Hacker News new | ask | show | jobs
by taeric 846 days ago
My current view of what makes parsing so difficult is that people want to jump straight over a ton of intermediate things from parsing to execution. That is, we often know what we want to happen at the end. And we know what we are given. It is hoped that it is a trivially mechanical problem to go from one to the other.

But this ignores all sorts of other steps you can take. Targeting multiple execution environments is an obvious step. Optimization is another. Trivial local optimizations like shifts over multiplications by 2 and fusing operations to take advantage of the machine that is executing it. Less trivial full program optimizations that can propagate constants across source files.

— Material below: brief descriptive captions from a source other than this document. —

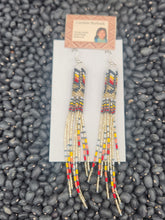 Load image into Gallery viewer, EXTRA LONG BEADED EARRINGS  - LORRAINE BURBANK - BURGUNDY
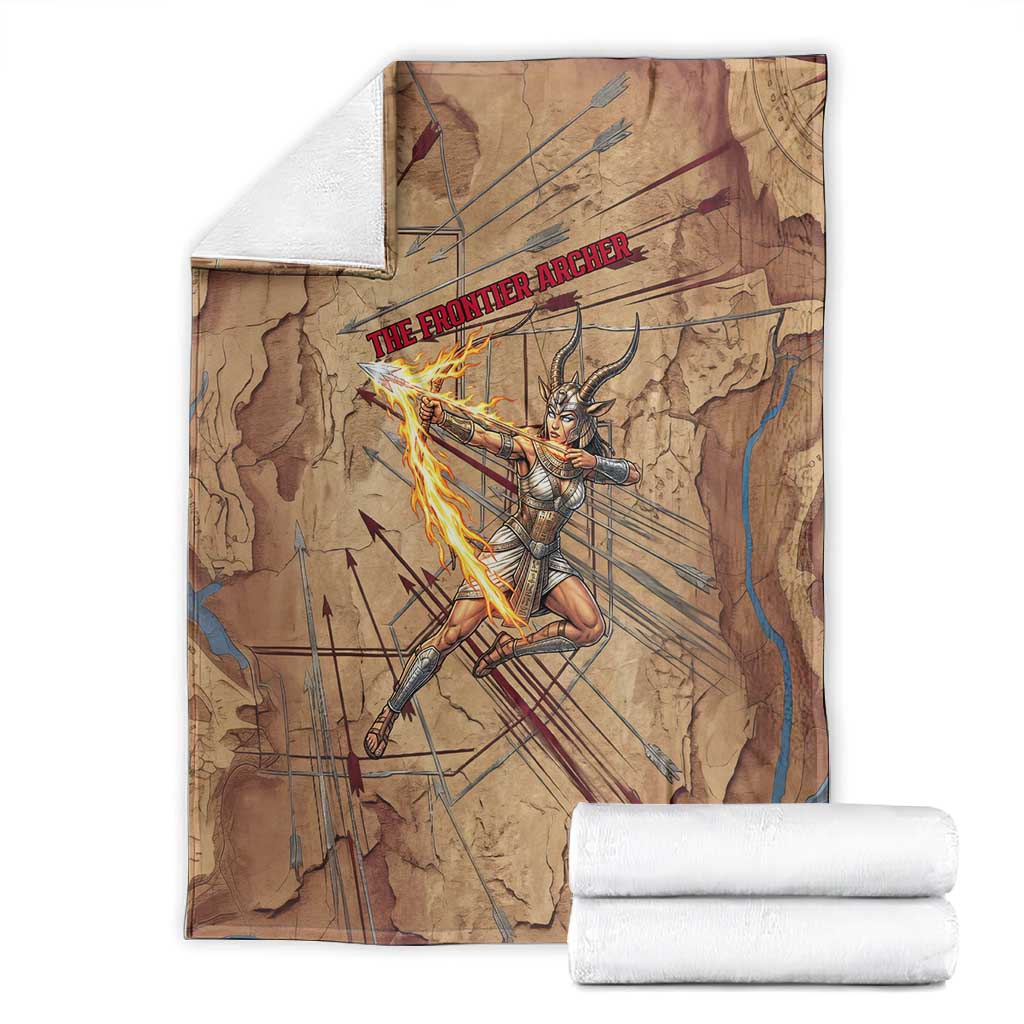 Satis Blanket with Fiery Bow and Arrow in Ancient Egyptian Warrior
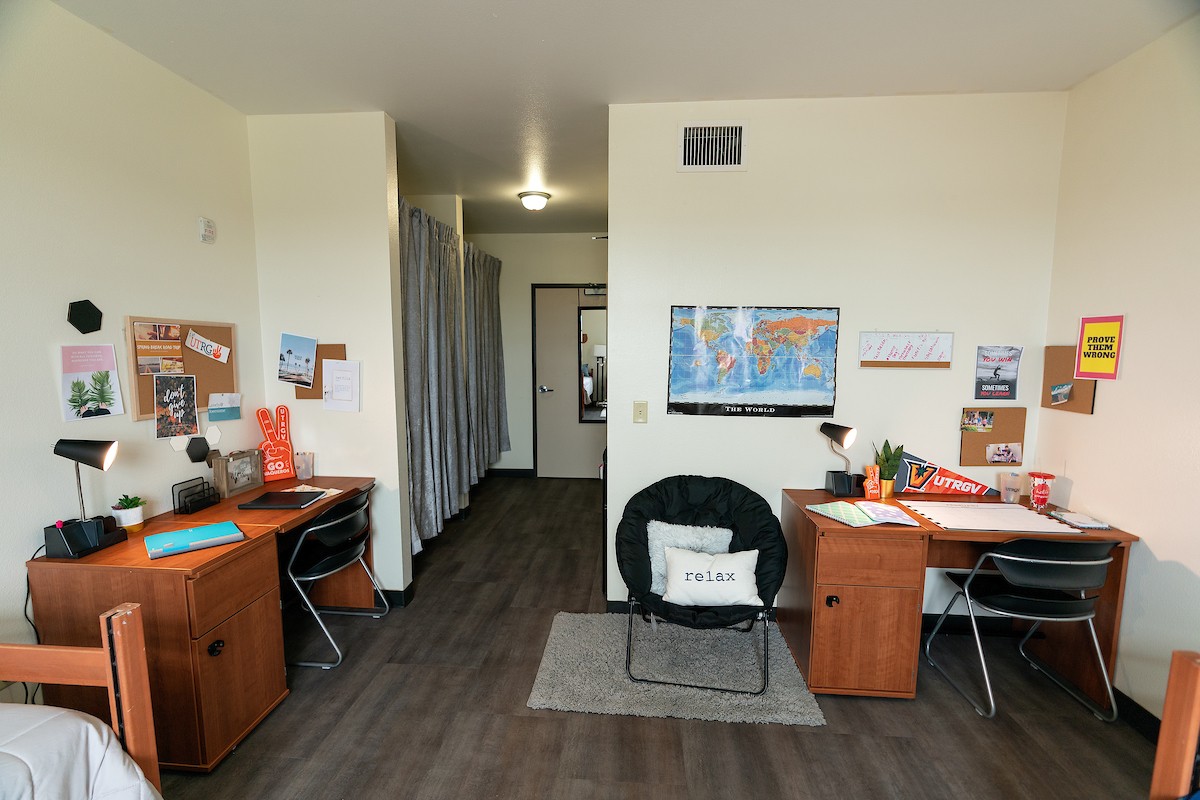 UTRGV Department of Housing and Residence Life dorm room interiors at Unity Hall in Edinburg, Texas.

And preemptive execution is a huge consideration, of course. Very little code runs in a way that can't be interrupted for some other code to run in the meantime. To the point that we don't even think of what this implies anymore. Despite accumulators being a very basic execution unit on most every computer. (Though, I think I'm thankful that reentrancy is the norm nowadays in functions.)

1 comments

What have those other things got to do with parsing though? Granted, they rely on parsing having already happened, but I don't see how there's much feedback from those considerations to the way that parsers work, or are written, or - as the article discussed - can be combined?
You can easily view it as having nothing to do with it. My push is that it is the point of parsing. You don't parse directly into understanding/execution. You parse into another representation, one that we never directly talk about, so that you can then move it into the next level.

Even English can be parsed first into the sounds. This is why puns work. Consider the joke, "why should you wear glasses to math class? It helps with division." That only works if you go to the sounds first. And you will have optionality in where to go from there.

So, for parsing programs, we often first decide on primitives for execution. For teaching, this is often basic math operations. But in reality, you have far more than the basic math operations. And, as I was saying, you can do more with the intermediate representation than you probably realize at the outset.

I agree, I think syntax could be defined as "the whole problem" if you see it holistically. Approaches that avoid scaling an intermediary grammar from lower-level tokens like the Lisp or Forth construction of "the parse directly maps to a data structure, and the data structure has the semantics" are robust. The reason why they aesthetically offend comes down to familiarity and tooling: infix expressions "look like math" - they please someone with prior training - but often act to hide important machine-level details. And the grammar helps to spread around the architecture of the language so that a syntax error compiles as a different semantic. Versus an approach like APL with a richer token set, or a ColorForth that packs in more semantic value by assigning tags to each word and making that part of the presentation.

I've moved towards designing languages now that operate over CSV source. That adds an extra dimension while still enabling convenient editing - just turn off all the parsing behavior in the spreadsheet and you can edit it as "plain text". Although, column alignment isn't always desirable in this case.